**EXERCISE AIM**
Whatever appears in the records, retype it exactly, except for the pictures.

**Brief descriptive captions**
□ □ □

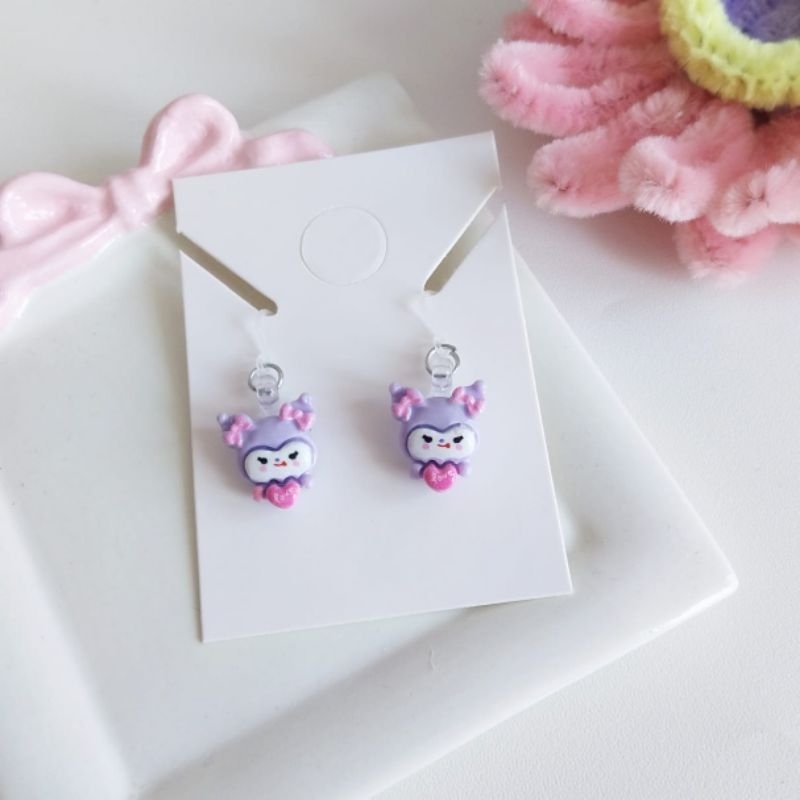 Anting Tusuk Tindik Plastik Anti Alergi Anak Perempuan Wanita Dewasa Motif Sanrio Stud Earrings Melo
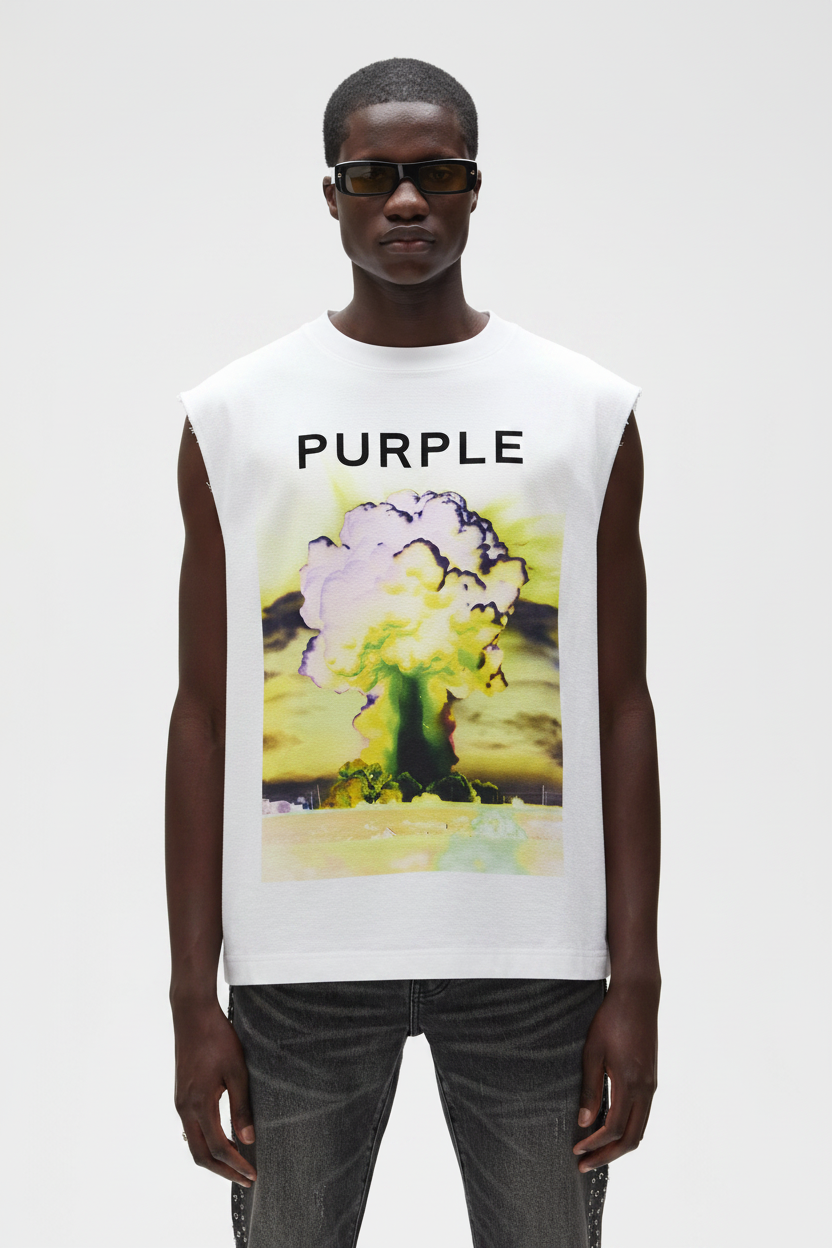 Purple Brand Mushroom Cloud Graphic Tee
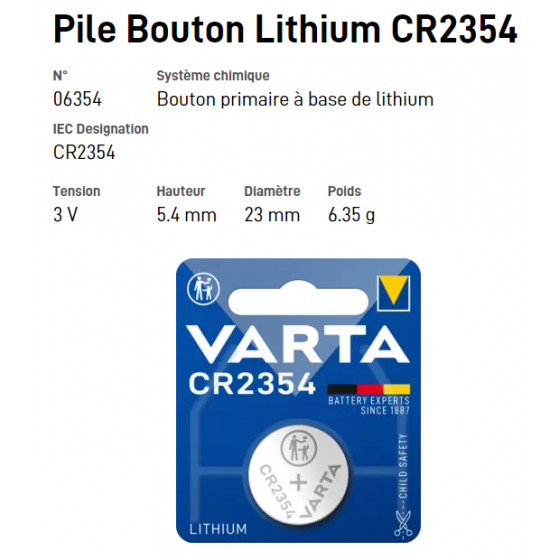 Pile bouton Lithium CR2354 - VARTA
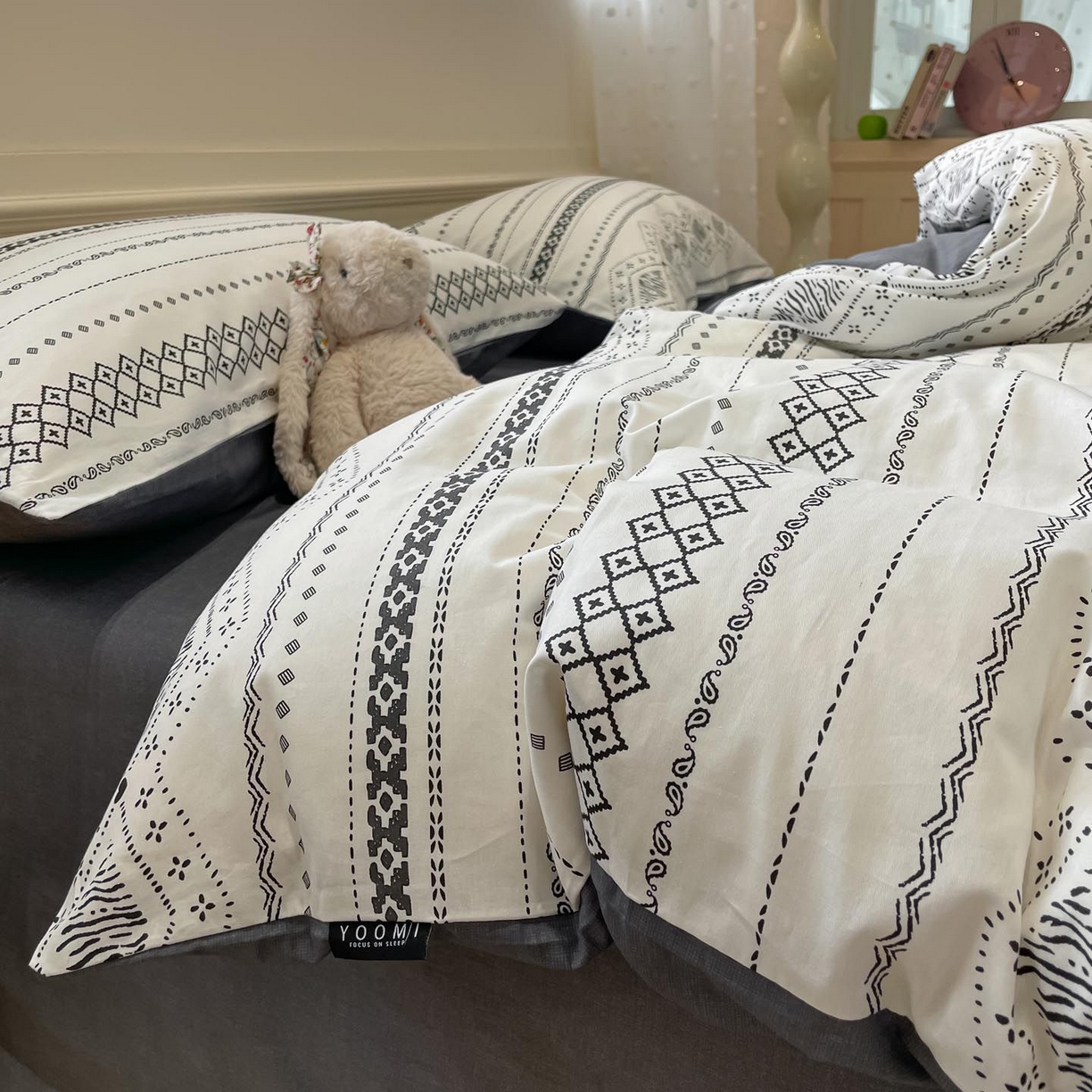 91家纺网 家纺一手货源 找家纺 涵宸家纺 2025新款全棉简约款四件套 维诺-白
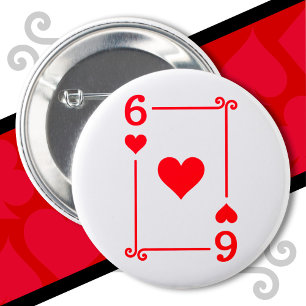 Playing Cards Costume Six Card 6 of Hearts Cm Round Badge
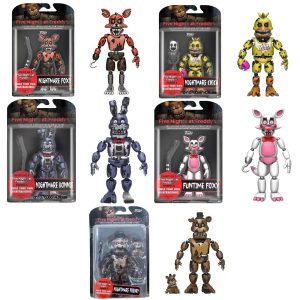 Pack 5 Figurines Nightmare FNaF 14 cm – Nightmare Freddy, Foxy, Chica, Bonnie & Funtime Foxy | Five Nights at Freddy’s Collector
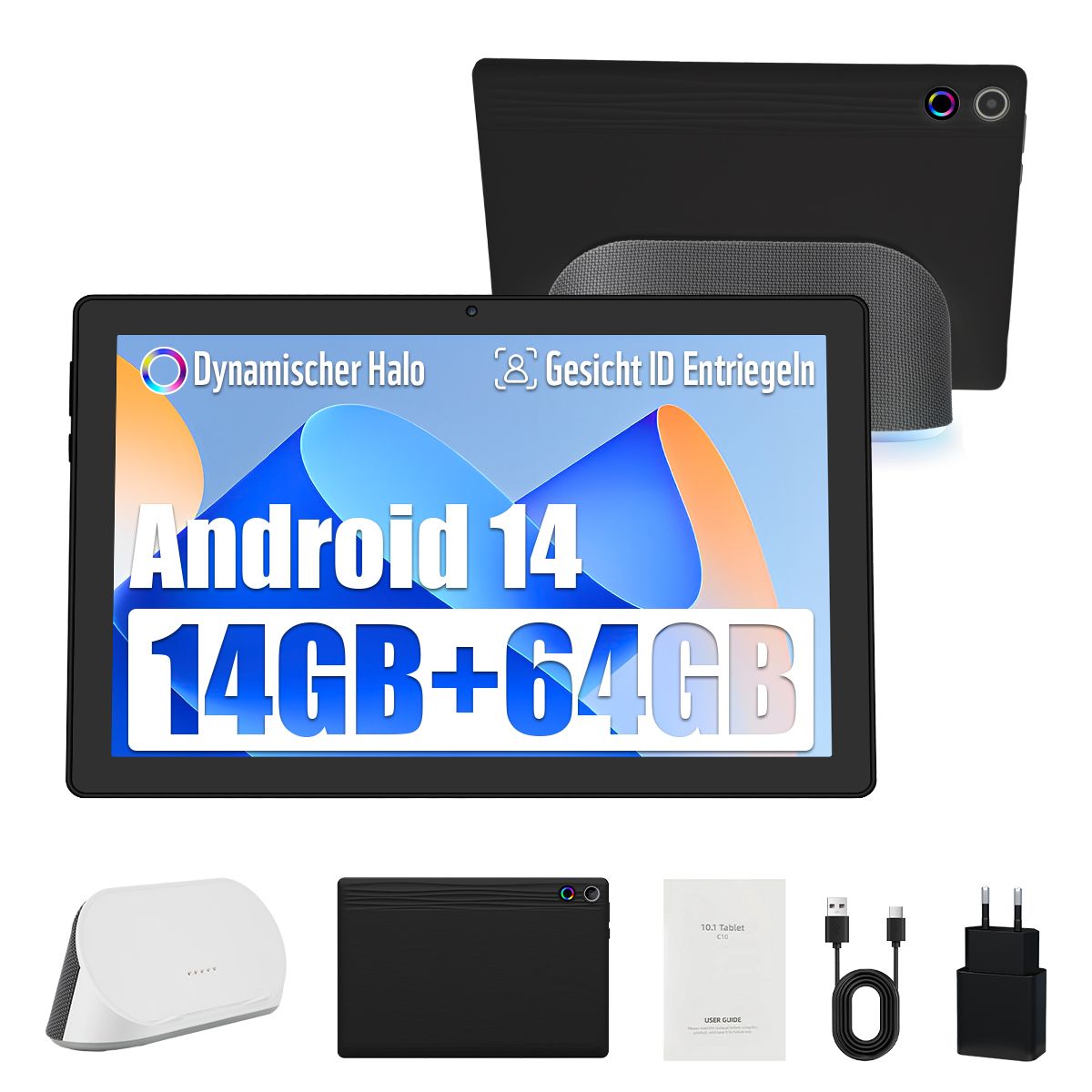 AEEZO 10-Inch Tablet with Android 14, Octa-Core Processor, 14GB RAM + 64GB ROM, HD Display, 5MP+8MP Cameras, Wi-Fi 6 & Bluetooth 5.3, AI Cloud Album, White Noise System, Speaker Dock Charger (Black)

□ □ □

**SOLUTION TO THIS PROBLEM**
 Anting Tusuk Tindik Plastik Anti Alergi Anak Perempuan Wanita Dewasa Motif Sanrio Stud Earrings Melo
 Purple Brand Mushroom Cloud Graphic Tee
 Pile bouton Lithium CR2354 - VARTA
 91家纺网 家纺一手货源 找家纺 涵宸家纺 2025新款全棉简约款四件套 维诺-白
 Playing Cards Costume Six Card 6 of Hearts Cm Round Badge
 Pack 5 Figurines Nightmare FNaF 14 cm – Nightmare Freddy, Foxy, Chica, Bonnie & Funtime Foxy | Five Nights at Freddy’s Collector
 AEEZO 10-Inch Tablet with Android 14, Octa-Core Processor, 14GB RAM + 64GB ROM, HD Display, 5MP+8MP Cameras, Wi-Fi 6 & Bluetooth 5.3, AI Cloud Album, White Noise System, Speaker Dock Charger (Black)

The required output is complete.